In article <20030111214011.P1568@prim.han.de>, holger krekel <hpk@trillke.net> writes
Welcome to the Minimal Python list, ..... thanks for this
I hope/suggest that even naive sounding questions about Python and its core are welcomed. It certainly helps if more people understand the internals and the involved issues. I reserve the right to ask naive questions, myself :-)
regards,
holger krekel ..... A naive questions; hich platforms are developments first aimed at ie gnu/linux win32 etc?
Thomas Heller's ctypes module would seem to be a very good start at the generic C interface thing. It is pretty easy to use and although I don't have a complete grasp on it was a bit easier to use than calldll. I used both to do anygui interfaces to native windows api. Last time I discussed this with him Thomas said he was considering using the libffi library to do interfacing. I know that to be fairly portable. -- Robin Becker
[Robin Becker Sat, Jan 11, 2003 at 09:30:04PM +0000]
In article <20030111214011.P1568@prim.han.de>, holger krekel <hpk@trillke.net> writes
Welcome to the Minimal Python list, ..... thanks for this
I hope/suggest that even naive sounding questions about Python and its core are welcomed. It certainly helps if more people understand the internals and the involved issues. I reserve the right to ask naive questions, myself :-)
regards,
holger krekel ..... A naive questions; hich platforms are developments first aimed at ie gnu/linux win32 etc?
I guess it's going to be win32 & POSIX (MacOSX, and some linux/unix variants).
Thomas Heller's ctypes module would seem to be a very good start at the generic C interface thing. It is pretty easy to use and although I don't have a complete grasp on it was a bit easier to use than calldll. I used both to do anygui interfaces to native windows api.
I heard good things about it but it is currently a windows only solution, or not?
Last time I discussed this with him Thomas said he was considering using the libffi library to do interfacing. I know that to be fairly portable.
And that is a non-windows and non-mac solution? Anyway, both are interesting but actually Christian and others can probably judge better. This is obviously an issue for people knowing many different platforms. holger
holger krekel <hpk@trillke.net> writes:
[Robin Becker Sat, Jan 11, 2003 at 09:30:04PM +0000]
A naive questions; hich platforms are developments first aimed at ie gnu/linux win32 etc?
I guess it's going to be win32 & POSIX (MacOSX, and some linux/unix variants).
Thomas Heller's ctypes module would seem to be a very good start at the generic C interface thing. It is pretty easy to use and although I don't have a complete grasp on it was a bit easier to use than calldll. I used both to do anygui interfaces to native windows api.
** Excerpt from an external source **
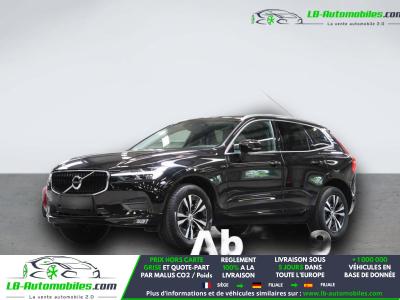 Volvo XC60 B4 197 ch BVA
I heard good things about it but it is currently a windows only solution, or not?
Last time I discussed this with him Thomas said he was considering using the libffi library to do interfacing. I know that to be fairly portable.
I've now a running version which uses libffi (except on Windows). Tested on an oldish SuSE 7.1 x86 system. The docs and readme's still need updating, but for the *impatient* I've uploaded a snapshot: http://starship.python.net/crew/theller/ctypes-0.3.5.tar.gz Thomas
On Mon, Jan 13, 2003 at 10:04:27AM +0100, Thomas Heller wrote:
I've now a running version which uses libffi (except on Windows). Tested on an oldish SuSE 7.1 x86 system.
The docs and readme's still need updating, but for the *impatient* I've uploaded a snapshot:
I just downloaded this version and I am trying to find a matching ffi library, which appears to be rather difficult. I am building on a gentoo system which has libffi 1.20 and I get problems with ffi_closure not being defined. Do I really need to check out the complete gcc source tree to get the proper libffi? -- Jens-Uwe Mager <pgp-mailto:62CFDB25>
Jens-Uwe Mager <jum@anubis.han.de> writes:
On Mon, Jan 13, 2003 at 10:04:27AM +0100, Thomas Heller wrote:
I've now a running version which uses libffi (except on Windows). Tested on an oldish SuSE 7.1 x86 system.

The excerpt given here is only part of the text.